TASK TO CARRY OUT »
Using the records below, repeat exactly the lines from the one holding "WRECKX-N-EFFECT - My" through the one holding "- Just Veganin", both ends included, and no others.

TASK INPUT »
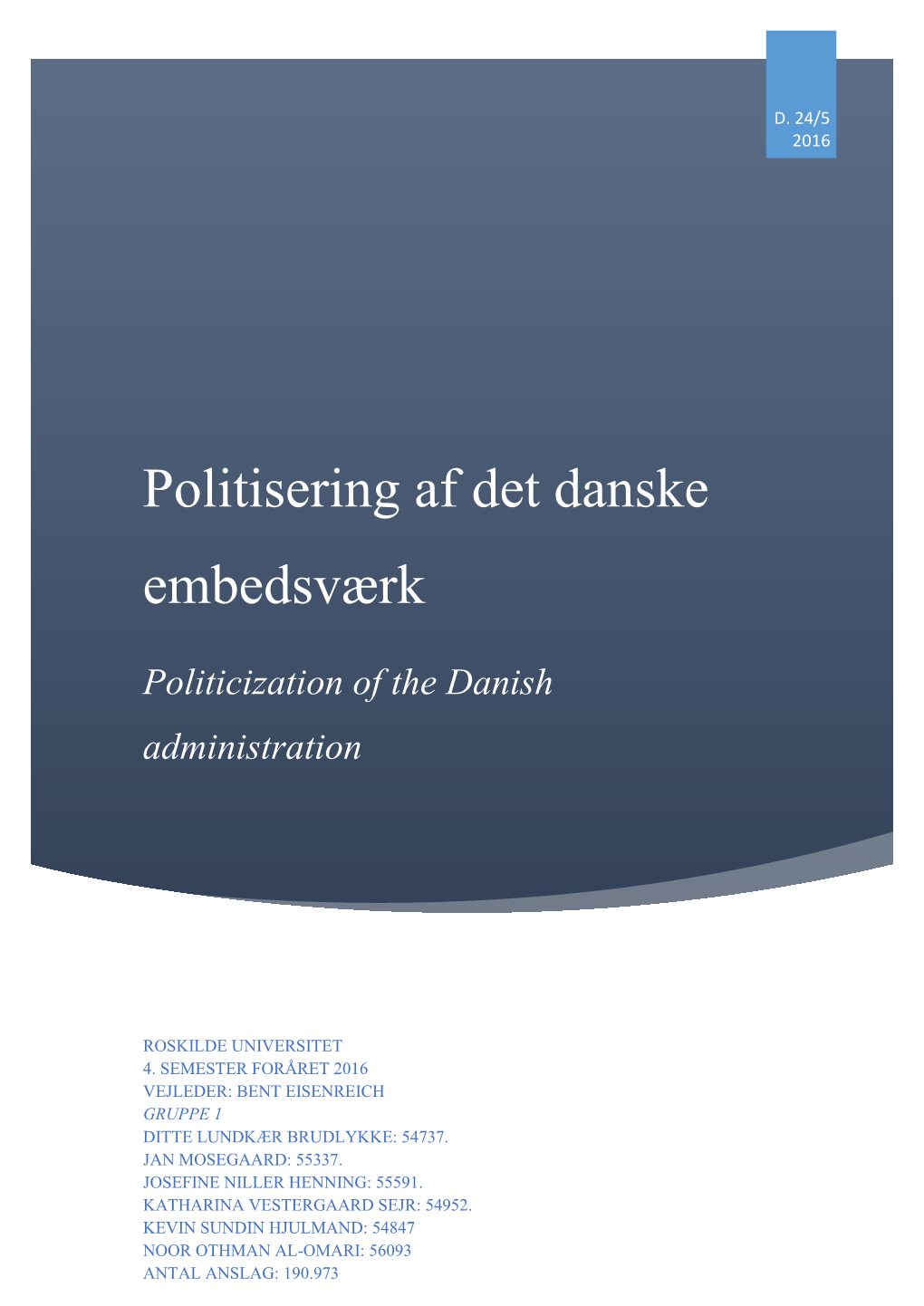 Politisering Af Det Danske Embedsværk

...

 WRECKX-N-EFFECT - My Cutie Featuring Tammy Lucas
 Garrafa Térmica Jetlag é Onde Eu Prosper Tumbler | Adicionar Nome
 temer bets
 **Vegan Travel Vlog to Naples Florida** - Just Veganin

ANSWER SECTION »
 WRECKX-N-EFFECT - My Cutie Featuring Tammy Lucas
 Garrafa Térmica Jetlag é Onde Eu Prosper Tumbler | Adicionar Nome
 temer bets
 **Vegan Travel Vlog to Naples Florida** - Just Veganin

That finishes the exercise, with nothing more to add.